General Motors has finalized its decision to go ahead with the JV for Indian market and the Chinese SAIC Motor Corp is too willing. The move is for small car projects and will be the next step, after their business in China, for manufacturing minivans and minitrucks for the domestic markets, which is dominated by Tata Motors.
GM is making good show in India with the growth of 65% in November against the last year’s sale by 7118 units. The pact will be a boost for SAIC, which is seeking a foothold in the Indian market and will be an increase for GM’s portfolio. SAIC has since withdrawn its trading of shares in Shanghai for the sake of major asset restructuring and a board meeting on December 9.
The step is viewed as a move by SAIC to stake 50:50 claim with GM (GM has gained a lot in Chinese market this year) which is under the clouds. GM’s sale in China is 1.6million, of course with the JVs, which is an increase of 64% against the previous year and the sale in November alone increased to 109% against the sale in the last year same period.

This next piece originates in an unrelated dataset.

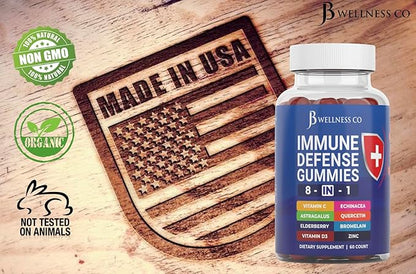 8 in 1 Immune Support Booster 50mg, Vitamin 5000 IU, B6, Elderberry (2 Pack) (120 Count)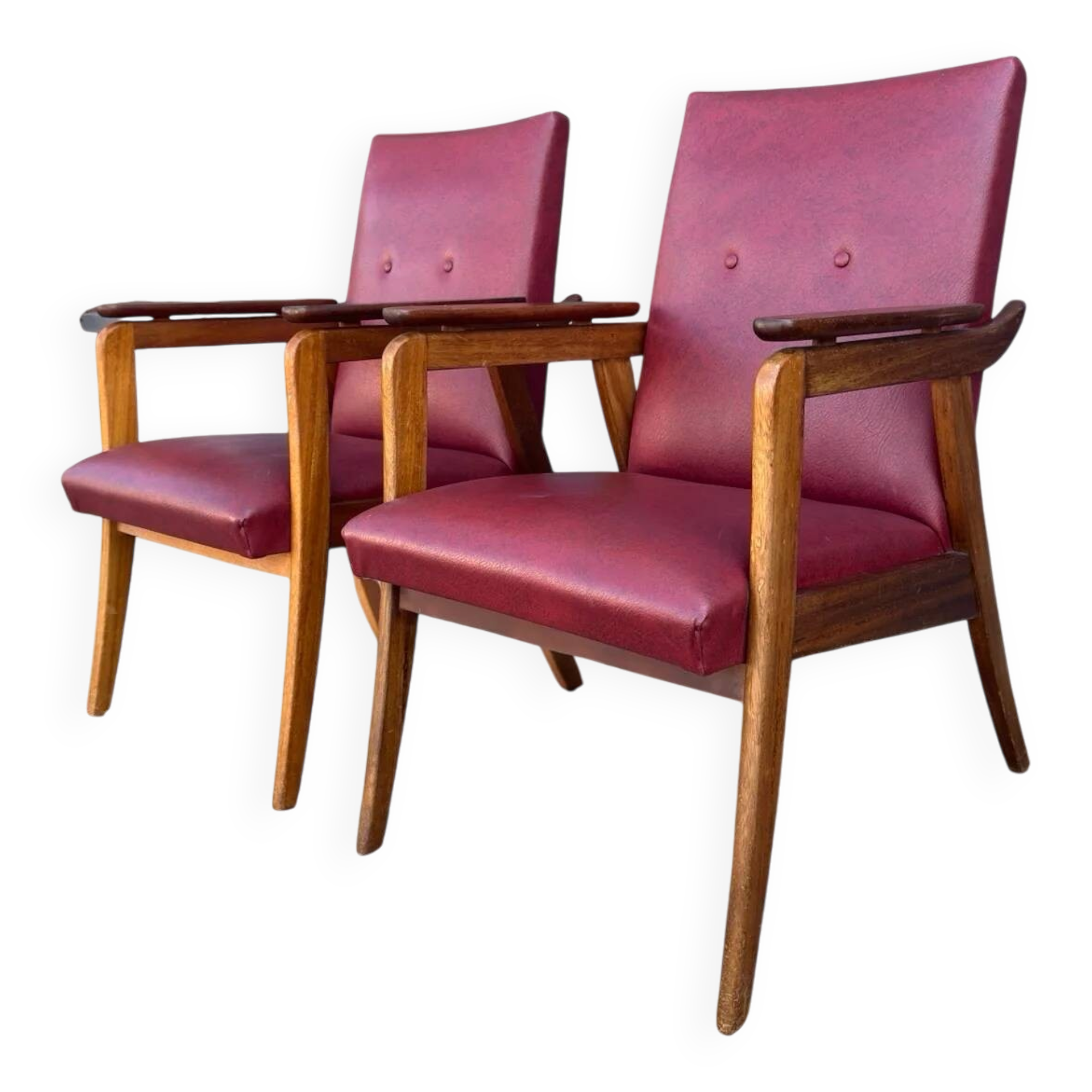 Vintage design armchair set – red skai and teak (1960s)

GM-SAIC pact is a prolonged one, since the latter had a little hesitation for market expansion. SAIC had been facing a good niche in Korean market, which has come to a grinding halt. Now the Indian car market has come to the rescue with the domestic growth of 7.9% in three months upto September. Tata’s September sale grew to 81% in commercial vehicles and 48% in domestic cars. Indian auto market proves to be a gaining fold for car makers, especially small cars and the maker are now in a mood to release low priced cars and trucks. The SAIC pact is yet to be confirmed by GM.